O que é essa criança que baila em mim?
Carrego esse corpo curvado de batalhas, a pele marcada por oitenta primaveras e no entanto, esse eterno encanto. Esse constante arrufar de pomba virgem no peito.
Vejo os moços passarem com seus olhares sonhadores e seus bigodes imponentes, a tez brilhando que nem moeda recém cunhada e penso:
“Ah, esses me beijariam os pés se me vissem aos vinte, aos trinta, aos quarenta anos…”
É, fui sábia em fazer-me amada. Embora tenha amado pouco.
Talvez por isso essa inquietação de menina em noite de baile. Por isso essa valsa eterna conduzindo o coração, essa fluidez de anjo nesse corpo tão… reticente…
Sim. Coloquemos assim, pois generosidade é mãe materna a acalentar o leito dos sábios. E eu sempre fui generosa comigo.
A vida bem que tentou, mas não conseguiu me amargar. E eu lá sou leite mal ordenhado pra talhar com qualquer hálito? Não…
Deixo a dissonância dos atos se perder junto com a incontinência do corpo. Prefiro me concentrar nos acertos felizes e nos deliciosos desastres que provoquei em mim e nos outros.
Dizem que carrego nos olhos dez toneladas de sonhos. E que esses sonhos se esparramam no colo dos passantes de toda a Riviera. Mas isso é generosidade de poeta ou agrado exagerado de neto. Não lembro bem.

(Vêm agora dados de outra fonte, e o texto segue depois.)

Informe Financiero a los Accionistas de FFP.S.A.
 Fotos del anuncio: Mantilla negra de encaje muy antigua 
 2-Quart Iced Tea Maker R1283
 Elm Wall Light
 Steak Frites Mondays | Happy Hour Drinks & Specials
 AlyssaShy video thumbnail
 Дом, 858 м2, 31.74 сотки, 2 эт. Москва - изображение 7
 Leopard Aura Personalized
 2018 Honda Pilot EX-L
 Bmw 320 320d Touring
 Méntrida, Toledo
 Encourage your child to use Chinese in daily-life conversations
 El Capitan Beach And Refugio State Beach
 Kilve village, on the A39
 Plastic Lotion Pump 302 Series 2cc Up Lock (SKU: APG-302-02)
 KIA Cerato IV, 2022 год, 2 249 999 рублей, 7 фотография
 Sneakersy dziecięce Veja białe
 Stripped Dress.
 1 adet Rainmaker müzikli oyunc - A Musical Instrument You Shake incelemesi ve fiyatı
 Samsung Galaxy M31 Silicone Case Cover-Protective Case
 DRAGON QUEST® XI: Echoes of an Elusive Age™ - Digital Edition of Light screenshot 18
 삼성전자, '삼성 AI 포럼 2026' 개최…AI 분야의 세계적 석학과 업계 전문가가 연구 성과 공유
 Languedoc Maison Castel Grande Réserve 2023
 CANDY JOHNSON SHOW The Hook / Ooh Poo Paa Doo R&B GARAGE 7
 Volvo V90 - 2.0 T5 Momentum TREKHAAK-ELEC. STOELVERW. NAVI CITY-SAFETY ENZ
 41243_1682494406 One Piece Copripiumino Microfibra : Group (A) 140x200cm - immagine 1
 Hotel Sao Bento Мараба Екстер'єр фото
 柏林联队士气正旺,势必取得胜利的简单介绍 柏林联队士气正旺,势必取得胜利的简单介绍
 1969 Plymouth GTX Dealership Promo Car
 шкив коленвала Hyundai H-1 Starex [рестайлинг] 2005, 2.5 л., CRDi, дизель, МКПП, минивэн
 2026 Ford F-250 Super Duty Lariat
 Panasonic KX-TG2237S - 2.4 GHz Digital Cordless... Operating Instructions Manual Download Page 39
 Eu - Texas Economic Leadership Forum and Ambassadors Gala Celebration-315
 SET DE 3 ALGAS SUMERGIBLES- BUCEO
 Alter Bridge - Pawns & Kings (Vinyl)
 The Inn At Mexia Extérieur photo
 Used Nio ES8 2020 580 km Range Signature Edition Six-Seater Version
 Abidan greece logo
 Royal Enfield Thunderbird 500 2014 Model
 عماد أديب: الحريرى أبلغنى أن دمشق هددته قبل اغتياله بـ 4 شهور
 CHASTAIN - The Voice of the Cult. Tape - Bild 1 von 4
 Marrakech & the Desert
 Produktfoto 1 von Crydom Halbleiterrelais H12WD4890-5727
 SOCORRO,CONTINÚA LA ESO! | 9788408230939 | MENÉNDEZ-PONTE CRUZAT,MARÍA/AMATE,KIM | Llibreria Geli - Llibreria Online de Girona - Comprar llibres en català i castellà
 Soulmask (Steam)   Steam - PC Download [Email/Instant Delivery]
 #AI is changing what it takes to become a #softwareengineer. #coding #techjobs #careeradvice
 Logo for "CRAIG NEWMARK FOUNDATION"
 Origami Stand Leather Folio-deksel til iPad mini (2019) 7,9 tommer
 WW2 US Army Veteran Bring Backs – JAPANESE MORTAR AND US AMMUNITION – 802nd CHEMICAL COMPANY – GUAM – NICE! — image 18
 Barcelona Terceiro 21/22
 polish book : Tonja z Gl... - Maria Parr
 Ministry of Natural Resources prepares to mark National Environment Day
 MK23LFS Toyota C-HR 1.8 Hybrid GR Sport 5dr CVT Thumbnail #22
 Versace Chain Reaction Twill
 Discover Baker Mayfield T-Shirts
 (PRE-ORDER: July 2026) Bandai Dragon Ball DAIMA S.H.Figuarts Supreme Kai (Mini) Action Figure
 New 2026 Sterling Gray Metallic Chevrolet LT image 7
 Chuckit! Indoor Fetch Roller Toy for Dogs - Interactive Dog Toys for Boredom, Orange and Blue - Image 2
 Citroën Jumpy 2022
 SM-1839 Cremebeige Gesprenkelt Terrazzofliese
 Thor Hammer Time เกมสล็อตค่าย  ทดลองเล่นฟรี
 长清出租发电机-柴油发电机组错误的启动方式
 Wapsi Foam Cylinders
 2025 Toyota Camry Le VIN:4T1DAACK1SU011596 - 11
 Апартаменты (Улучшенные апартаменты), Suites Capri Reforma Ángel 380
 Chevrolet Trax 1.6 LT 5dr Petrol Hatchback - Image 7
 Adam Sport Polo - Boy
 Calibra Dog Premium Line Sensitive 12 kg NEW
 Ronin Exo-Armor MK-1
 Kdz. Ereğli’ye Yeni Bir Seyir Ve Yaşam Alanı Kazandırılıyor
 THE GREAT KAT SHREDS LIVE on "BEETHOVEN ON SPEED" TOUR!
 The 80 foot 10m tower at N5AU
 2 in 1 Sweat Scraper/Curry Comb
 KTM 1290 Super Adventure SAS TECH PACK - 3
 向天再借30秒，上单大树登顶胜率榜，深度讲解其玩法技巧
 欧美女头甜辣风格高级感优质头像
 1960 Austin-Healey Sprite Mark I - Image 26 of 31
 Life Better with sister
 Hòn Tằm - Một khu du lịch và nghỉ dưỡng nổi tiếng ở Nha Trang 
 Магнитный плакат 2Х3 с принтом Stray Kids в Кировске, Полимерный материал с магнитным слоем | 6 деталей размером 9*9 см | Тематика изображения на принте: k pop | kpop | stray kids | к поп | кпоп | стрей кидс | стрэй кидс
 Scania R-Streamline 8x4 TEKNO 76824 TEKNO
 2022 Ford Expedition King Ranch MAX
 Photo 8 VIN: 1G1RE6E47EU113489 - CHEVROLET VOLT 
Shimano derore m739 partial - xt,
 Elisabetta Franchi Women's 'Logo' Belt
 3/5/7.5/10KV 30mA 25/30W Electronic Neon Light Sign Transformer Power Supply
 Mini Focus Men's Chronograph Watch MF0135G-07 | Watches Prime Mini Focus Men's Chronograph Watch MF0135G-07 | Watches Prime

Mas o que importa? Na minha idade datas e nomes vão perdendo a importância. Guarda-se apenas o essencial:
O primeiro tremular de lábios antes do beijo, o olhar do amado que te pede em silêncio que lhe perpetue a espécie, a estupefação do amante, o afago sem malícias do marido.
É. Na minha idade a mente vira um um mosaico de ovulações, suspiros e alguns pouquíssimos medos.
Tabelinha existencial, sabe? Terça e quinta posso ser feliz. Na sexta ou aos 25 eu me caso. Aos 30 vou amar de verdade. Aos 40 vou me deixar ser amada. Aos 60 me aposento de tudo e aprendo a engatinhar de novo.
Que coisa. A mulher leva a vida inteira em ciclos. Recortes de luas e uivos, suspiros maternais e arranhões passionais. Quem nunca? Eu vivi de tudo.
E agora me olha discreto o mundo. Esse mesmo homem que antes me seduzia com ferocidade de infante indo pra guerra, hoje me diz em gentilezas que o meu turno acabou.
E eu? Eu acolho, pois sou uma dama. E o mundo, esse moço tão dono do tempo, sempre foi cavalheiro comigo. Me olhou com olhares de encanto por cada esquina que dobrei.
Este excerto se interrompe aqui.